= American Palestine Committee =

American pro-Israel political lobby group

The American Palestine Committee was a political lobby group in the United States founded in 1932 to influence American policy towards the establishment of a Jewish national home in Palestine, an aim achieved in 1948 with U.S. support for the Partition of Palestine and subsequent recognition of the new state of Israel.

==History==
Conceived by Emanuel Neumann, a member of the Executive of the Zionist Organization, late in 1931, following the 1930 publication of the Passfield White Paper by the British government, which was seen as a retreat from the commitments of the Balfour Declaration and the Mandate for Palestine. The idea of the American Palestine Committee was to organize a group of prominent (mainly non-Jewish) Americans in political support of the Zionist project of creating a Jewish Homeland in Palestine.
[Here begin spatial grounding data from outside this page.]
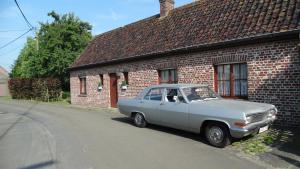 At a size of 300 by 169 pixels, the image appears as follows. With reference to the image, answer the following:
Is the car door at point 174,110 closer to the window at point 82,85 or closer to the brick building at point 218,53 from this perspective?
the brick building at point 218,53

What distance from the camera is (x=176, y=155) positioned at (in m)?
7.13

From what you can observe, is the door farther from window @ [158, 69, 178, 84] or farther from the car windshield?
the car windshield

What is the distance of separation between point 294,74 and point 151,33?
887cm

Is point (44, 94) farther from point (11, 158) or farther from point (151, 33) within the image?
point (11, 158)

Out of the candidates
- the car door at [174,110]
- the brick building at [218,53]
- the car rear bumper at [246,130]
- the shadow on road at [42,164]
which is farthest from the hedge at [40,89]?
the car rear bumper at [246,130]

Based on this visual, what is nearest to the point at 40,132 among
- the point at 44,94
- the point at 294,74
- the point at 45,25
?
the point at 294,74

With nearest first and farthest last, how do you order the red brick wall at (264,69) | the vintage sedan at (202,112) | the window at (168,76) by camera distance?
the vintage sedan at (202,112)
the red brick wall at (264,69)
the window at (168,76)

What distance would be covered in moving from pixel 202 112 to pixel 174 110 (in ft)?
3.62

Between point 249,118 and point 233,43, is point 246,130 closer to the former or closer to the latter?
point 249,118

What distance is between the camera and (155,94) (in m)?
10.3

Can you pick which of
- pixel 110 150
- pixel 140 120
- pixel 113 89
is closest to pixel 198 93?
pixel 140 120

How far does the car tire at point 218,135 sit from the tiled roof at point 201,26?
4092 mm

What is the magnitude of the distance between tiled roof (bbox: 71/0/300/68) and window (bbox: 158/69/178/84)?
1.04 m

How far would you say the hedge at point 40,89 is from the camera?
27.6m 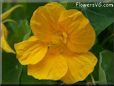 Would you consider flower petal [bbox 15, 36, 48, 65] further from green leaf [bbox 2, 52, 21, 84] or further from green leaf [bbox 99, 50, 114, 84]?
green leaf [bbox 99, 50, 114, 84]

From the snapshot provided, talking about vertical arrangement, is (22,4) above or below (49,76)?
above

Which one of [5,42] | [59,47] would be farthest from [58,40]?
[5,42]

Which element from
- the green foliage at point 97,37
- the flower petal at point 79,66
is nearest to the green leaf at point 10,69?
the green foliage at point 97,37

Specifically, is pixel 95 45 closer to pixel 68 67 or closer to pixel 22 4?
pixel 68 67

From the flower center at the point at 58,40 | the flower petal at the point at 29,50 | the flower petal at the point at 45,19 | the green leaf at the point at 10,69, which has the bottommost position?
the green leaf at the point at 10,69

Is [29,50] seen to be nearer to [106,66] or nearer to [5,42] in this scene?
[5,42]

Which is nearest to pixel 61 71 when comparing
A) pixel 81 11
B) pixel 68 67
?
pixel 68 67

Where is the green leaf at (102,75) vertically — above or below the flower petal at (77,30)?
below

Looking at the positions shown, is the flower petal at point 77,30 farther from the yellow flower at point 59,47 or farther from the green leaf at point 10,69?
the green leaf at point 10,69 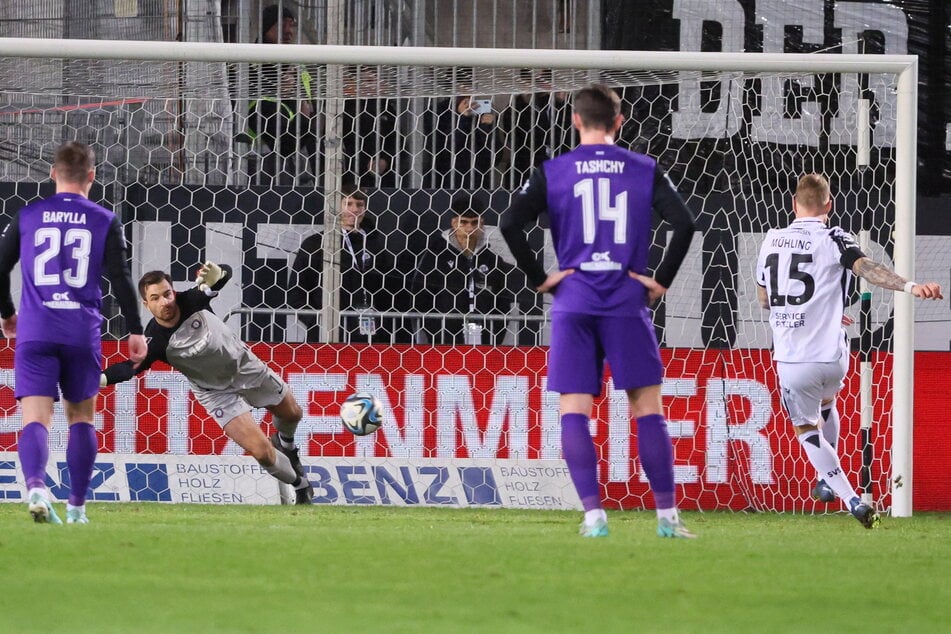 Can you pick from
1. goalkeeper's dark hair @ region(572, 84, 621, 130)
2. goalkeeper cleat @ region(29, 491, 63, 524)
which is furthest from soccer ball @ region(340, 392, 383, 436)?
goalkeeper's dark hair @ region(572, 84, 621, 130)

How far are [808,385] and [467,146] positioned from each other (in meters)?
3.98

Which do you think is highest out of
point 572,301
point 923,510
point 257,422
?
point 572,301

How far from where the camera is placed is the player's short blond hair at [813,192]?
7930 millimetres

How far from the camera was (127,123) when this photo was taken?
36.8 feet

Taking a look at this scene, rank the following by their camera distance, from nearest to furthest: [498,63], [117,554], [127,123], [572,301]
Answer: [117,554] → [572,301] → [498,63] → [127,123]

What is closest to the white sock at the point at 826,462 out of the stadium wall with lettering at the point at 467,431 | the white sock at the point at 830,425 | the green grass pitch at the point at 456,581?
the white sock at the point at 830,425

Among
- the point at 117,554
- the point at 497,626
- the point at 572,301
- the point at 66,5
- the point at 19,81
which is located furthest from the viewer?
the point at 66,5

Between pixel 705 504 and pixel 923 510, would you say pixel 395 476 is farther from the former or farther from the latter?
pixel 923 510

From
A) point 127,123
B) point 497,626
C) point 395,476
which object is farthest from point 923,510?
point 497,626

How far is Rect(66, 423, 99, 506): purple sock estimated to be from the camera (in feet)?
22.3

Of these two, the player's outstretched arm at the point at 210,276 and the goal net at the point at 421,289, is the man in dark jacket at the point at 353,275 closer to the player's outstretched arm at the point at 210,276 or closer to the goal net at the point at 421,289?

The Committee was launched at a public dinner in Washington on January 17, 1932, and attended by members of both houses of Congress, and government dignitaries, including Vice President Charles Curtis. A letter of greeting from President Herbert Hoover was read to the audience. The principal speeches at the inaugural meeting were delivered by Felix Frankfurter, Emanuel Neumann, and Elwood Mead.

By the 1940s, the membership of the committee had grown to 15,000 and included two-thirds of the United States Senate, as well as many members of the United States House of Representatives, state legislatures, mayors and other influential political figures. The main event in its calendar was an annual dinner. In 1944 the committee sponsored a National Conference on Palestine which passed resolutions calling for maximum Jewish immigration to Palestine and the conversion of Palestine into a Jewish Commonwealth.

The American Palestine Committee worked jointly with other bodies including the Christian Council on Palestine and the American Zionist Emergency Council and succeeded in 1945 in having the U.S. Congress adopt a resolution supporting the creation of a Jewish Commonwealth in Palestine.

In 1946 the organization merged with the Christian Council on Palestine to become the American Christian Palestine Committee. At that point its membership numbered over 15,000 Christians. On August 22, 1946, Bartley Crum spoke at a committee lunch, during which he "tore into British and U.S. Officialdom and the handling of the Palestinian question."

In 1947 it advocated quick implementation of the United Nations Special Committee on Palestine's plan. A few years following the successful creation of Israel in 1948, the American Christian Palestine Committee felt its work done and disbanded.

The ZOA helped mobilized political support in the United States for Israel, with large scale funding and pressure on Washington and on public opinion. Emanuel Neumann and Hillel Silver were two leaders of the ZOA. They felt its massive funding legitimized taking a major role in shaping Israeli government policy . They opposed the social and economic policies of Prime Minister David Ben-Gurion and his Mapai (Labor) Party, according to historian Zohar Segev. Their interventions were rejected and Israeli politicians agreed that American Zionists had a major role in funding but not in policy guidance.